Your answer should be the exact lines of the data below from the one containing "Anyways, I recommend" through the one containing "Now we know"; please include nothing else.

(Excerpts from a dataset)
──────

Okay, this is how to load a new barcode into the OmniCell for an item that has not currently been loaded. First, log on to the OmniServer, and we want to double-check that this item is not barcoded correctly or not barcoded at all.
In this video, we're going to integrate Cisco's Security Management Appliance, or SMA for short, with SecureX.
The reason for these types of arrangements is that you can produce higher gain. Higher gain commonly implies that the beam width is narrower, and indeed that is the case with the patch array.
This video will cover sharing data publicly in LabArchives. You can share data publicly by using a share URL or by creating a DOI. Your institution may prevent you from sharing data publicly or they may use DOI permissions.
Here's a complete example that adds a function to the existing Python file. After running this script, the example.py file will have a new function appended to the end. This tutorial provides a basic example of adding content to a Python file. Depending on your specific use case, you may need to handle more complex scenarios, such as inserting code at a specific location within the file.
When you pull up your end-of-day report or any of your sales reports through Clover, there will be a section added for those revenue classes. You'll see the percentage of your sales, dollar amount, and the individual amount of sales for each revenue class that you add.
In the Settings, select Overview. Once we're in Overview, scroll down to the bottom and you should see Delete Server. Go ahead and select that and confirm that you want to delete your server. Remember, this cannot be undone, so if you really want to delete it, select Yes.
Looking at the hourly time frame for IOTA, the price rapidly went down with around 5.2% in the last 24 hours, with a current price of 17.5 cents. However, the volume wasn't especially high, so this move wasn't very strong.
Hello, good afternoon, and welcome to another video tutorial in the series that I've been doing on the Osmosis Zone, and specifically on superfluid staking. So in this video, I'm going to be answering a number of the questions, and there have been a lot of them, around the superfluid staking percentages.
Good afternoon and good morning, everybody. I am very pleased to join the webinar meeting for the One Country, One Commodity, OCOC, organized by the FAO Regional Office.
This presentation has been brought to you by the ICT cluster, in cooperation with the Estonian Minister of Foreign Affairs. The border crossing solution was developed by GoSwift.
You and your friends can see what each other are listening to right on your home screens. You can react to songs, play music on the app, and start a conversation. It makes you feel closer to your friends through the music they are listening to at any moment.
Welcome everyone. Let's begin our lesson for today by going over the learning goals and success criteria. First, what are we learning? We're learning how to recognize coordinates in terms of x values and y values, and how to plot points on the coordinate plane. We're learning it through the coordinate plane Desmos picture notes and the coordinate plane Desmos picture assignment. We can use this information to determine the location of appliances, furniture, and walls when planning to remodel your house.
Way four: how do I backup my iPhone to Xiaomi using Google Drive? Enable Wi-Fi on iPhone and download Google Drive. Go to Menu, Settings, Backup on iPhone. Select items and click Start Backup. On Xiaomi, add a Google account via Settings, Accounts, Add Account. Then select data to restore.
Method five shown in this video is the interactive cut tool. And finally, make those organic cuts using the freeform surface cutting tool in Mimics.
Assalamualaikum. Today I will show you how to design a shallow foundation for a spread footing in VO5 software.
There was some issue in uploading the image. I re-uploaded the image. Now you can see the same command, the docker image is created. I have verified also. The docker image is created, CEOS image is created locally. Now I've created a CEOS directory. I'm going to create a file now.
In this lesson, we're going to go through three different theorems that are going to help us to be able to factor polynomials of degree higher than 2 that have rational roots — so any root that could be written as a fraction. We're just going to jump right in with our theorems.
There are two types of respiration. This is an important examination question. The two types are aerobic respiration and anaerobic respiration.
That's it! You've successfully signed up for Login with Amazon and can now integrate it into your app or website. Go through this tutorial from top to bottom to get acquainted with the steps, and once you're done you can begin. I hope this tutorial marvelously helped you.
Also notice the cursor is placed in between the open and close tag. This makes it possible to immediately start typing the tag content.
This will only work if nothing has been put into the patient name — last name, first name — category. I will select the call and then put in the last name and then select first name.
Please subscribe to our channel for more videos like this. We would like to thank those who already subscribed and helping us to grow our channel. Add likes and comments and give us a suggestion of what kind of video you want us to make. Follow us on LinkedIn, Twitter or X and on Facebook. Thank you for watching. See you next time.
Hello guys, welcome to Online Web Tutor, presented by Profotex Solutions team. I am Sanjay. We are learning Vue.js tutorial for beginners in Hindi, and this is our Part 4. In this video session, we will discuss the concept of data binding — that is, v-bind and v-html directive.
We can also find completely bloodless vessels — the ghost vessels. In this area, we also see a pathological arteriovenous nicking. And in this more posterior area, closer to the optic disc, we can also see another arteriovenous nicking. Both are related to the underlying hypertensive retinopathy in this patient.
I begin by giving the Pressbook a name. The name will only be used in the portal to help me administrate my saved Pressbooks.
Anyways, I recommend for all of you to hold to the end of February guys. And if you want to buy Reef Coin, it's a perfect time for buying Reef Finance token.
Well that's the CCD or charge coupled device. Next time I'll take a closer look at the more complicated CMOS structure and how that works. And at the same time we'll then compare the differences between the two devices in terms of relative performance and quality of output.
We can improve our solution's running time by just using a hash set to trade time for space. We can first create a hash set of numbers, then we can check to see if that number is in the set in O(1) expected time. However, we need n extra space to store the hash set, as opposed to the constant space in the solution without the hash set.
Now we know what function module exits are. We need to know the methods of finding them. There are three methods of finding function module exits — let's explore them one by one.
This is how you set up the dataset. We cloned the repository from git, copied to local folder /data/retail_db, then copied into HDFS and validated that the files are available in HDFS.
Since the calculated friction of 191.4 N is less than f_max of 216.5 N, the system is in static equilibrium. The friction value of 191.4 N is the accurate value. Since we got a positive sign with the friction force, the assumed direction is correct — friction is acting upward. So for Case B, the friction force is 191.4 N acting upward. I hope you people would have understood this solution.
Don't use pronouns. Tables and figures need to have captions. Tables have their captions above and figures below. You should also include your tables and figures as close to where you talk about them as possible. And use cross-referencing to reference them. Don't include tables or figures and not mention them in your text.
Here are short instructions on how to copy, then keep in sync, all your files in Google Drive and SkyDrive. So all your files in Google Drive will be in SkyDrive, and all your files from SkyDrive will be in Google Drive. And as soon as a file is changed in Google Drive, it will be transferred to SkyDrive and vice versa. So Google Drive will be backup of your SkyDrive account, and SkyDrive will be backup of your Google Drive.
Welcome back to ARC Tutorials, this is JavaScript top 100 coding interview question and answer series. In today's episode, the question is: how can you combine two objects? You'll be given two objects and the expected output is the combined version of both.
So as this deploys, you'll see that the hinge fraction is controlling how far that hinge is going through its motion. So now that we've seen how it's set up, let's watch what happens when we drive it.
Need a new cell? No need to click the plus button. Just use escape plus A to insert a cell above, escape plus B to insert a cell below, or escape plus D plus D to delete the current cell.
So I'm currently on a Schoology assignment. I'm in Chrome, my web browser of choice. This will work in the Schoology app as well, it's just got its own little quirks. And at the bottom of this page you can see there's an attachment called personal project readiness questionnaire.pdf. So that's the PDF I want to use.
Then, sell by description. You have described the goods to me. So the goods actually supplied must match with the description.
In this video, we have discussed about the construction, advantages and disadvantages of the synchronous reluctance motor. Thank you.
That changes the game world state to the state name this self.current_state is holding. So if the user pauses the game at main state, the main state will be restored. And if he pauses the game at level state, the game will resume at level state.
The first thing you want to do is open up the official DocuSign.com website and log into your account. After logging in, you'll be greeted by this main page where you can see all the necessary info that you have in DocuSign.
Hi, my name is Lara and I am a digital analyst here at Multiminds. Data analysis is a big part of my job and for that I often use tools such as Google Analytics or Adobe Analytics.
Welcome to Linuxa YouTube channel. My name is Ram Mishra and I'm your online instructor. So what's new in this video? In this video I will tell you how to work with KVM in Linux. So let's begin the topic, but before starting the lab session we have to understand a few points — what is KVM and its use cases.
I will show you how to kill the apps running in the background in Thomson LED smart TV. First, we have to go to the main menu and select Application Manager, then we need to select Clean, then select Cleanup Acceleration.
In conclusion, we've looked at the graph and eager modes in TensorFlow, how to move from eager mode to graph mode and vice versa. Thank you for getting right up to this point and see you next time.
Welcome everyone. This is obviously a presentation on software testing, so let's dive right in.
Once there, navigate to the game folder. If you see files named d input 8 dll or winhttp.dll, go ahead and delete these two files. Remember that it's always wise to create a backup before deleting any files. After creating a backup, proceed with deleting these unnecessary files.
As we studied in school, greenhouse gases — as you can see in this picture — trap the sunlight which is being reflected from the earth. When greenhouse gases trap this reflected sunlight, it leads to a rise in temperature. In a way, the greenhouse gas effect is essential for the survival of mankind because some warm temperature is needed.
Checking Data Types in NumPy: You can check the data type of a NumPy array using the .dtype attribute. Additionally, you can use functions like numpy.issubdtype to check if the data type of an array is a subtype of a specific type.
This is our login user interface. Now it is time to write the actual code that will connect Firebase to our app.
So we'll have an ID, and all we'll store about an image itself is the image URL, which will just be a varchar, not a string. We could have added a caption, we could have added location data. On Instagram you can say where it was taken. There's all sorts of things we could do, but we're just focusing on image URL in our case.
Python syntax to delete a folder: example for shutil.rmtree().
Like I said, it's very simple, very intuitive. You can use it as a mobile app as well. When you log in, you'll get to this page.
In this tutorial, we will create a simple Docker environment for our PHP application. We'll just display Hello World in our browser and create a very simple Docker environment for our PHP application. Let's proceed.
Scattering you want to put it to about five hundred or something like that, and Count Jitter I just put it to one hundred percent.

──────

* Answer to this problem
Anyways, I recommend for all of you to hold to the end of February guys. And if you want to buy Reef Coin, it's a perfect time for buying Reef Finance token.
Well that's the CCD or charge coupled device. Next time I'll take a closer look at the more complicated CMOS structure and how that works. And at the same time we'll then compare the differences between the two devices in terms of relative performance and quality of output.
We can improve our solution's running time by just using a hash set to trade time for space. We can first create a hash set of numbers, then we can check to see if that number is in the set in O(1) expected time. However, we need n extra space to store the hash set, as opposed to the constant space in the solution without the hash set.
Now we know what function module exits are. We need to know the methods of finding them. There are three methods of finding function module exits — let's explore them one by one.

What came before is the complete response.